There's Andrei Arlovski, who was knocked out by Sergei Kharitonov and then cast down yet another rung on the promotional ladder, finally landing in the resurrected Pro Elite organization.
Then, finally, there's Fabricio Werdum, who went from legend-slayer to cautionary tale after a bizarre showing in a decision loss to Overeem.
The point is, even if no one knows exactly what the winner of this Grand Prix will have actually won, we can still be reasonably sure that nothing good will happen to the losers. That's not so surprising, since getting beat up is rarely the path to success in this (or, really, any) sport. But if you're going to risk the beating, wouldn't you like to know that you're doing so in pursuit of some goal beyond that night's paycheck?
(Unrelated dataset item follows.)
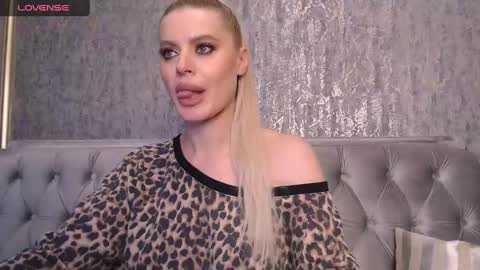 Helen online show from 19, 1, 2025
For Overeem, getting pulled from the tournament and dropped from his Strikeforce contract may be the best thing that could have happened to him. It might be a stretch to call it a Get Out of Jail Free card, but at least it sprung him from the Strikeforce purgatory and put him instantly in a more significant fight than any he could have found with his former employer.
By every metric imaginable, from promotional hype to potential financial benefit to total combined weight, Overeem vs. Lesnar is a huge fight. It's also a fight that, if he wins, puts Overeem in prime position to challenge for the UFC title, which, let's be honest, is the only belt that really means anything in any weight class right now. No matter how much fun a tournament format might be in theory, you can bet there's not a single man left in the Strikeforce Grand Prix who wouldn't trade spots with Overeem if given the chance.
Is it sad to watch Zuffa strip Strikeforce's bones in such agonizingly slow fashion? A little, yeah. Ideally, you'd like them to do it quickly and all at once, like ripping off a band-aid. Instead, it seems like a death by a thousand slights. Champions get picked off one by one as the UFC needs them, and the fighters who are left behind have plenty of time to ponder the lifeboat economy of it all. Some are going to be saved and some are going to get thrown overboard.
And maybe, in the vaguest of ways, that's all they're fighting over anymore. Instead of being a tournament of kings, maybe the Grand Prix is now little more than an extended UFC audition. If you win, how could you be denied a contract? If you lose, well, don't go and get yourself arrested.
Are those stakes high enough to motivate fighters and maintain fan interest? Actually, yeah. It's pretty compelling when you think about it. It's just not at all what these fighters thought they were signing up for back when they first agreed to it, back when a future with Strikeforce was more of a promise and less of a threat.
Funny, that seems like so long ago now.